Using a stringent cutoff [18], we have created a list of high confidence copy number alterations and structural variants for each of the PDXs (Additional file 6: Table S11 and Additional file 7: Table S12). Recurrently amplified regions across the PDX models are chromosome 8q in HCI002/005/010/012 (covering MYC, Additional file 8: Table S13) and chromosome 7p in HCI004/HCI008 (covering EGFR). Frequent deleted regions harbour classic tumour suppressor genes, for example PTEN in HCI004/HCI010 (Fig. 4C, Additional file 6: Table S11). There are a few SV regions that harbouring breast cancer associated tumour suppressor genes, such as PTPRD in HCI008 model and CSMD3 in HCI012 model (Additional file 7: Table S12).
Because PDX tumours probably model more aggressive breast cancers (DeRose et al.), we proposed that genomic analysis of PDX models may reveal genes associated with very aggressive disease. Interestingly, the most frequently deleted gene in PDX models, CSMD1(in 3 out of our six PDX models), is much more frequently deleted in metastatic breast cancer (14%) than in early disease (2%) (Fig. 6A). Low expression of CSMD1 is also associated with poor survival outcome in the METABRIC early cancer cohort (Fig. 6B) and is especially associated with poor survival outcome in the LumB subtype (Additional file 1: Fig. S9). Interestingly, we identified copy number loss of CSMD1 in 23 of 32 PDXs in another PDX sequencing dataset [6]. These data suggest that CSMD1 plays a critical role in suppressing growth or survival of metastatic breast cancers.
Discussion
We have completed whole genome analysis for widely used breast models, including mutations, copy number and SVs. The data has refined previously finding in cell lines such as AURKA and MYC amplification/CDKN2A deletion in MCF7, ERBB2 amplification in SKBR3, and CDKN2A deletion in MDAMD231 at nucleotide resolution. Our WGS data also identified novel mutations in non-coding genes and novel CNVs such as a homozygous deletion in LINC00290, and will be an important resource for research in this area. It is worth noting that WGS didn’t identify all the mutations reported in the targeted sequencing from Ben-David et al. (Fig. 1D). This could be due to that targeted sequencing provides very high coverage (> 300x) for these regions and can identify mutations with very low minor allele frequency. Since WGS is far more accurate in identifying CNVs boundaries, it can provide further insights into well-known cancer associated genes, such as focal amplification of FOXA1 in MCF7 versus broad copy number gain in GATA3 and partial gain of ESR1. By comprehensively identifying the genomic features of these models, the field can now choose appropriate models to examine the functional significance of genes or pathways of interest.

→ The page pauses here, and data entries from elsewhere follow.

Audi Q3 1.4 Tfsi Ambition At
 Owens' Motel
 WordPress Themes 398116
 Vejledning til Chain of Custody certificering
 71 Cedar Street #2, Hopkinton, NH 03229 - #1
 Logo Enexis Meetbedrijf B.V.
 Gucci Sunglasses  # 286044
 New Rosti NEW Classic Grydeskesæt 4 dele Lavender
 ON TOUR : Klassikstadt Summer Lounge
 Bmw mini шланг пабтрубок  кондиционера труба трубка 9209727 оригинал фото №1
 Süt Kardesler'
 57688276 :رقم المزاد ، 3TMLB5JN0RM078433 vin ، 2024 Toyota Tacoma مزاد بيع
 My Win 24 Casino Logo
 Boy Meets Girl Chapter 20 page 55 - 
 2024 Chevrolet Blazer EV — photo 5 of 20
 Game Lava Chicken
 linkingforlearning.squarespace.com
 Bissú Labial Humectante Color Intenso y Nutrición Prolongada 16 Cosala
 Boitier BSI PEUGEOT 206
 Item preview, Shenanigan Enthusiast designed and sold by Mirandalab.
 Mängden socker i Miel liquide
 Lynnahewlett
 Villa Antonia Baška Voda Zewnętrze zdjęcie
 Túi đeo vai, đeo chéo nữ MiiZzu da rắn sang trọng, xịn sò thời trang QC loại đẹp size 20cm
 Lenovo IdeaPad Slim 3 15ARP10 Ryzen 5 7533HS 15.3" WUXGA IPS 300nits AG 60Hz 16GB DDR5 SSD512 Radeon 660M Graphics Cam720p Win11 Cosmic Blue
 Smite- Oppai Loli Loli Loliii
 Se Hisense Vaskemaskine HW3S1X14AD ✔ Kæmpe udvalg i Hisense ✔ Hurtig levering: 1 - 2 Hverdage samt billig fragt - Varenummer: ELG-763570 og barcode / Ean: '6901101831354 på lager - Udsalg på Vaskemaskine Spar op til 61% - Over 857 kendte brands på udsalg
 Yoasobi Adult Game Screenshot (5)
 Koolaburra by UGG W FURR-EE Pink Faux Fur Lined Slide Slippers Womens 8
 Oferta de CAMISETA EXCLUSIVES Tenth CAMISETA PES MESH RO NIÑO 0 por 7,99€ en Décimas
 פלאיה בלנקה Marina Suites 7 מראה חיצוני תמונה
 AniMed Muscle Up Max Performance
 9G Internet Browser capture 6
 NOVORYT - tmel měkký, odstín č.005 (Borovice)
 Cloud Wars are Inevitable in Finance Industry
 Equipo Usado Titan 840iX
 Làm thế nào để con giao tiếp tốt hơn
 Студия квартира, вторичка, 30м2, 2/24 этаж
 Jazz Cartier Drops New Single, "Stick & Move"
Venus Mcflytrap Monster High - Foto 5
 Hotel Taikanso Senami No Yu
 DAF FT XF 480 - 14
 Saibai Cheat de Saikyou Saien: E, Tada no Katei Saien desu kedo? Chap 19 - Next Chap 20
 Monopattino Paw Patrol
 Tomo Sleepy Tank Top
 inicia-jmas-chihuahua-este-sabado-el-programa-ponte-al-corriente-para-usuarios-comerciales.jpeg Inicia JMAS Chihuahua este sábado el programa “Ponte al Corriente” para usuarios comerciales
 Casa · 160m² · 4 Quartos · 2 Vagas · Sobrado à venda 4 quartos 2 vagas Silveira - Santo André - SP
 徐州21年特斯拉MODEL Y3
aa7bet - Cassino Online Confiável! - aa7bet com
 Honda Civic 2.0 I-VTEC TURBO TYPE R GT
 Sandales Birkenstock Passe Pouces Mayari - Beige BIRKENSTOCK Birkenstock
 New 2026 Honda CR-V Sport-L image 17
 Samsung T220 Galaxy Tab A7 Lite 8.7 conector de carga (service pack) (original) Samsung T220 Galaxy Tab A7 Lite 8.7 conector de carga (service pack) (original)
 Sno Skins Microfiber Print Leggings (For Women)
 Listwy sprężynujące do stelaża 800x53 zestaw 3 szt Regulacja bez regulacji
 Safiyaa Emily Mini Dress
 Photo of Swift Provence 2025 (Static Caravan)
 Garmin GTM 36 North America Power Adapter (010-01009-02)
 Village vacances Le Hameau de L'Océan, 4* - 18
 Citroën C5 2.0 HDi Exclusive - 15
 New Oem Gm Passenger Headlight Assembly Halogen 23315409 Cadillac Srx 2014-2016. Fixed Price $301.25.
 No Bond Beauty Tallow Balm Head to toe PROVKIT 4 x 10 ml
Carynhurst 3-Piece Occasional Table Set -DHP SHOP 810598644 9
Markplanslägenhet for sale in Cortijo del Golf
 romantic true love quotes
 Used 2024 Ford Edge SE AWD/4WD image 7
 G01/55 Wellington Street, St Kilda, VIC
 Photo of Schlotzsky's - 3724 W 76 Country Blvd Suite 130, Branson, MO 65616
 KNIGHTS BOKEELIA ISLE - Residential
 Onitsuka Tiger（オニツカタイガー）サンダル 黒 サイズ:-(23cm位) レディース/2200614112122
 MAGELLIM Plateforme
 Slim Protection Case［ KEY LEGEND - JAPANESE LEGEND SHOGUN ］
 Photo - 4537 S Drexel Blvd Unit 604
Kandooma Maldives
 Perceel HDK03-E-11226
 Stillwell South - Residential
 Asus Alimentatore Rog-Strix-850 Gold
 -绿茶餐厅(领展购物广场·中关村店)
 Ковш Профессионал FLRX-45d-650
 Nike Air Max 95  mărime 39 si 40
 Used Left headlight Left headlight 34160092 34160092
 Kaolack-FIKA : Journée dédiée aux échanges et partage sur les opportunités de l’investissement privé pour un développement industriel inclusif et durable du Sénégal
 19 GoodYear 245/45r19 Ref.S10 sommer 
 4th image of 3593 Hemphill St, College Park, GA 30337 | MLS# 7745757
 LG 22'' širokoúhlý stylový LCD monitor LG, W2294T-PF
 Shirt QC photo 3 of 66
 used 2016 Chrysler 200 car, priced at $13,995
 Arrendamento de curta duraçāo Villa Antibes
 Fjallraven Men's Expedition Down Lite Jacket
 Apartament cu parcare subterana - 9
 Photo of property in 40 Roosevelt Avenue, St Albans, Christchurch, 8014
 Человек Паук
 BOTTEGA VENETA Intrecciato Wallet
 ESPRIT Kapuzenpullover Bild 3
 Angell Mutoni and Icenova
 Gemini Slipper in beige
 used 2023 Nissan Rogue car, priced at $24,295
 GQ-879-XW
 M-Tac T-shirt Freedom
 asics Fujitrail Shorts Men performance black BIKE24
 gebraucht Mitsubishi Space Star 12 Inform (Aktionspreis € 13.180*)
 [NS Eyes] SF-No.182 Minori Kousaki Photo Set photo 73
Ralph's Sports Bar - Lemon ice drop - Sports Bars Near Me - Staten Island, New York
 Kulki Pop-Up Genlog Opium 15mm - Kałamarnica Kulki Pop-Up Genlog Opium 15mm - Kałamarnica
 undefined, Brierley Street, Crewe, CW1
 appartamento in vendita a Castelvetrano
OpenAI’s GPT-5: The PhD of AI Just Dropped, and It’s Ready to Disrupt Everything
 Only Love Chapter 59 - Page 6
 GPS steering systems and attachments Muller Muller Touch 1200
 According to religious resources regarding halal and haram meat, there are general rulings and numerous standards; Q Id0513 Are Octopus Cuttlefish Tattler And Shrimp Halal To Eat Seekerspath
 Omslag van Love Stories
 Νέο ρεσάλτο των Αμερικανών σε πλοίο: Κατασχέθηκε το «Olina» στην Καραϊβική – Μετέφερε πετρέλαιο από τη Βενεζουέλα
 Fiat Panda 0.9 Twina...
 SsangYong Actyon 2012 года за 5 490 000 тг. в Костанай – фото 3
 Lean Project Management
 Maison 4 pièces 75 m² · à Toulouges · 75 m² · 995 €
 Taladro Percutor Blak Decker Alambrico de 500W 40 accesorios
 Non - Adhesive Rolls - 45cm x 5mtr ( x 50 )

Genomic studies of PDX may help us identify genomic features associated with very poor prognosis, as growth in a PDX acts as a ‘filter’ to enrich for the most aggressive tumours and cells that otherwise occur at low patient frequency in unselected breast cancer cell populations. In support of this, we found recurrent deletion of CSMD1 in the PDXs models and its associated with metastatic disease and survival. However, since we are comparing unmatched cohorts of primary and metastatic disease and relying on different platform to detect copy number, further studies on the match primary and metastatic disease based on the same platform is needed to confirm the roles of CSMD1 in metastatic breast cancer. Further extension of this idea to more PDX models may reveal further drivers of aggressive disease. The WGS data in this study is a valuable resource for other genomics studies to map to, for instance, CHIP-Seq or RNA-Seq studies to focus on non-coding and regulatory regions.
Conclusions
We have applied deep whole genome sequencing (WGS) of commonly used cell lines and PDX models using the Illumina X10 platform with an average ~ 60 × coverage. We show that this resource can be used to identify novel genomic alterations, including point mutations and genomic rearrangements, compared to previously available sequencing data.
Specific outcomes include:
A comprehensive list of point mutations, copy number and structural variants for cell lines and PDX models.
Integrative analysis with publicly available functional screening data identifies new genomic features of biological significance.
CSMD1, a known tumour suppressor gene, identified with deletion in 50% of our PDX models, suggesting an important role in aggressive breast cancers.
Raw data and processed data are publicly available through European Genome Archive.
Methods
Sample acquisition and preparation
The MCF7 cell line was originally obtained from Michigan Cancer Foundation, the MCF10A from Brugge Lab, Boston, the MDAMB231 from EG&G Mason RI Worcester MA, and the MDAMB468, SKBR3 and T47D were from ATCC. Cells were cultured in their standard media to expand and frozen cell pellets used for DNA extraction. Breast Cancer PDX models were obtained from Alana Welm, and were expanded in house using techniques previously reported in DeRose et al. (2010).
DNA extraction
The DNeasy Blood & Tissue Kit (Qiagen) was used for DNA isolation from about 25 mg frozen tumor, according to the manufacturer’s recommendations. RNase A (Qiagen) was used to obtain RNA-free genomic DNA. Only isolated DNA with A260/280 and A260/230 ratios above 1.8 and proven to be high quality by gel electrophoresis were used for sequencing.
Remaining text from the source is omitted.